Today, President Trump predicted a quick end to the trade war. And in a Bloomberg interview China’s ambassador to the US said his government wants to continue negotiating toward a trade deal. However, he also implied his country will retaliate if the Trump Administration doesn’t back down from targeting Huawei. “If things are moving in the wrong direction, then you could see a response very soon.” The Trump Administration put Huawei on an export blacklist, which is in effect cutting the company off from its US suppliers and customers.

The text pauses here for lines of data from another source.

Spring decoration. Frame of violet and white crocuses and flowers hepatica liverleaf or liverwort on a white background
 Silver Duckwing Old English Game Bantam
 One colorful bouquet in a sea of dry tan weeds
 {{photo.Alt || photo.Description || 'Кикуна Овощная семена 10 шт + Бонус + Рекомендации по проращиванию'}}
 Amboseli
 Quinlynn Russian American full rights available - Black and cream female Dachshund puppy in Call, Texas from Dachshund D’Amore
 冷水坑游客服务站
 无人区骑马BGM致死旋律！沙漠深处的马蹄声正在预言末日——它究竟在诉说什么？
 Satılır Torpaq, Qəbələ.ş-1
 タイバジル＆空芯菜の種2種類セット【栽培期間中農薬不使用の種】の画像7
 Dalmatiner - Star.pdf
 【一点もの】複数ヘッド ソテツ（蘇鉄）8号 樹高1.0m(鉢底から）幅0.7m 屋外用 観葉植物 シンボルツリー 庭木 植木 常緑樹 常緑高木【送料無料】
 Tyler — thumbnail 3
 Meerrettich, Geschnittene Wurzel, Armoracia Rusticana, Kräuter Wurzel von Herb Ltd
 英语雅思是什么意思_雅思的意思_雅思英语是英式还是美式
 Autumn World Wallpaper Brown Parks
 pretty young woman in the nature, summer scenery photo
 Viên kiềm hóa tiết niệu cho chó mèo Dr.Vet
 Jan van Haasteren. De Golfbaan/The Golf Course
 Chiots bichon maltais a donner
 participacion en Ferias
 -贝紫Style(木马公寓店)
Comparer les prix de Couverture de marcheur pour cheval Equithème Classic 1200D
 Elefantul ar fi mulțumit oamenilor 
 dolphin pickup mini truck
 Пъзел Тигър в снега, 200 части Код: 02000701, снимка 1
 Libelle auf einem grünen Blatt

April’s durable goods orders disappointed investors. Orders for business equipment meant to last 3 years or more fell 2.1% in April from March levels. And given the fact that March orders were downwardly revised, that 2.1% decline looks even worse. It’s reasonable to assume that the simmering trade war and slowing global economic growth are causing CEOs to rethink their plans for investment and growth. But while investment spending has clearly lost some momentum over the last year, the trend isn’t yet alarming. A key subset of orders that measures US corporate capital spending —capital goods orders excluding aircraft and defense equipment—looks be stabilizing at about 2.5% year-over-year growth.

Economist Ed Yardeni acknowledges trade war uncertainty will cause higher stock market volatility, but says institutional investors aren’t panicking. Both sides need a trade deal, and it will likely come at some point. But investors shouldn’t be fixated on trade. The US economy is largely driven by consumer spending. That’s what we should pay attention to, and it’s holding up well.